Depuis la loi du 31 décembre 1921, l’État français dispose d’un droit de préemption qu’il peut exercer sur toute vente publique d’œuvres d’art et par l’effet duquel il se substitue à l’acheteur. Ce droit, conçu pour enrichir les collections publiques, ne doit être exercé qu’à l’égard d’œuvres présentant un intérêt patrimonial, historique ou scientifique majeur (l’article R123-2 du Code du Patrimoine énumère une liste relativement large d’objets susceptibles d’être préemptés). Dans la pratique, l’institution intéressée doit adresser au service des musées de France en amont de la vente, un dossier comprenant notamment une note scientifique présentant l’intérêt patrimonial de l’œuvre. En cas de réponse favorable, l’institution délègue à la vente un représentant habilité, qui y assiste en simple spectateur, sans participer aux enchères. Une fois le mot « adjugé » prononcé, il se manifeste en déclarant en général « préemption pour les Musées de France », tout en précisant le nom du musée bénéficiaire. Ses intentions ne sont donc dévoilées qu’au dernier moment, afin de ne pas freiner les enchères et décourager les acheteurs potentiels, ce qui fausserait le jeu. L’État dispose alors d’un délai de quinze jours pour confirmer l’acte.

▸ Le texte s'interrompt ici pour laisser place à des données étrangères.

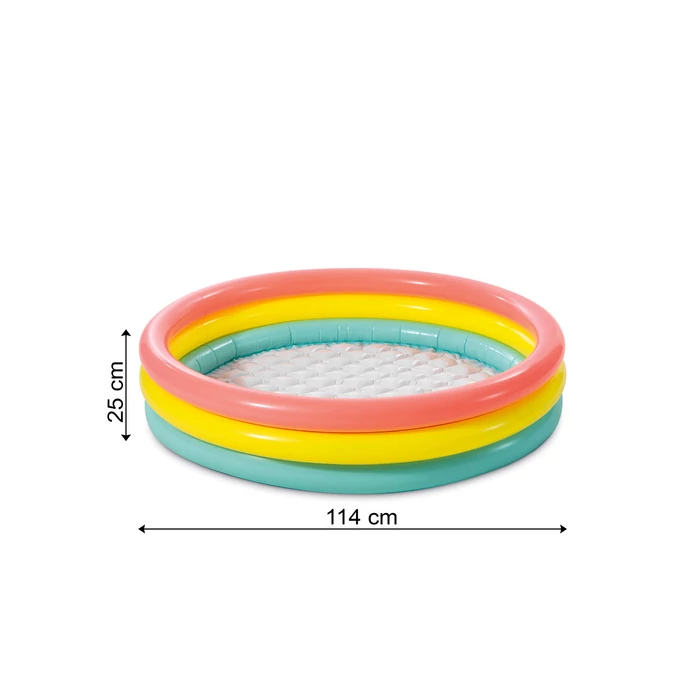 INTEX 57412NP Felfújható gyermekmedence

2019, année record en préemptions

Entre 2018 et 2021, le nombre de lots préemptés en ventes publiques sur l’ensemble du territoire par les Musées de France est passé de 156 à 344 – soit plus du double – avec une légère baisse en 2020 (187 contre 200 en 2019). Les maisons de ventes suivent le mouvement avec, cependant, des données plus contrastées. Sur les cinq dernières années, le nombre de préemptions n’a cessé de varier d’une année sur l’autre. 2019 fait figure de record avec 235 préemptions à Drouot, 28 chez Christie’s et 20 chez Sotheby’s. 2020 est évidemment une année particulière – le confinement ayant suspendu la tenue des ventes aux enchères – avec 31 préemptions à Drouot et 4 chez Sotheby’s et Christie’s. La reprise s’est opérée en 2021 avec 119 préemptions à Drouot, 8 chez Sotheby’s et 26 chez Christie’s. Quant à l’année 2022, une nouvelle baisse est enregistrée à Drouot (71), soit une cinquantaine de moins qu’en 2021. « C’est en effet très aléatoire d’une année à l’autre. Je ne note pas de tendance. En fait, tout dépend de ce qui arrive sur le marché. Il y a souvent un appel d’air quand de nouveaux départements de musées ouvrent ou se développent », observe David Nordmann, commissaire-priseur chez Ader, qui recense 20 préemptions en 2022. Il ajoute : « L’intérêt des institutions est toujours aussi vif. Elles regardent tout et sont là quand il y a une pièce importante. Sans doute, y aurait-il davantage de préemptions si nos délais à nous, maisons de ventes, n’étaient pas si courts… »

Une « Vierge à l’enfant », dernière préemption du Louvre

Parmi les musées les plus actifs figurent, outre Versailles ou Orsay, le Louvre bien sûr. 2019 a également été une année record pour le musée parisien qui a réalisé 49 préemptions (contre 29 en 2021). Pas plus tard qu’en novembre dernier, il a préempté pour une somme importante (4,7 M€) une Vierge à l’enfant de Michel Colombe, vers 1510 [voir ill.], dans une vente orchestrée par AuctionArt. La Bibliothèque nationale de France use aussi régulièrement de ce droit, pas moins de 36 préemptions en 2022 (contre 12 en 2021). D’ailleurs, nombreuses sont les préemptions dans le domaine des manuscrits et autographes – beaucoup de musées territoriaux et bibliothèques s’intéressent à leur histoire à travers ce type de documents. Souvent peu dotés financièrement, ces musées ont recours à cette procédure qui constitue pour eux la seule chance de pouvoir acquérir des pièces.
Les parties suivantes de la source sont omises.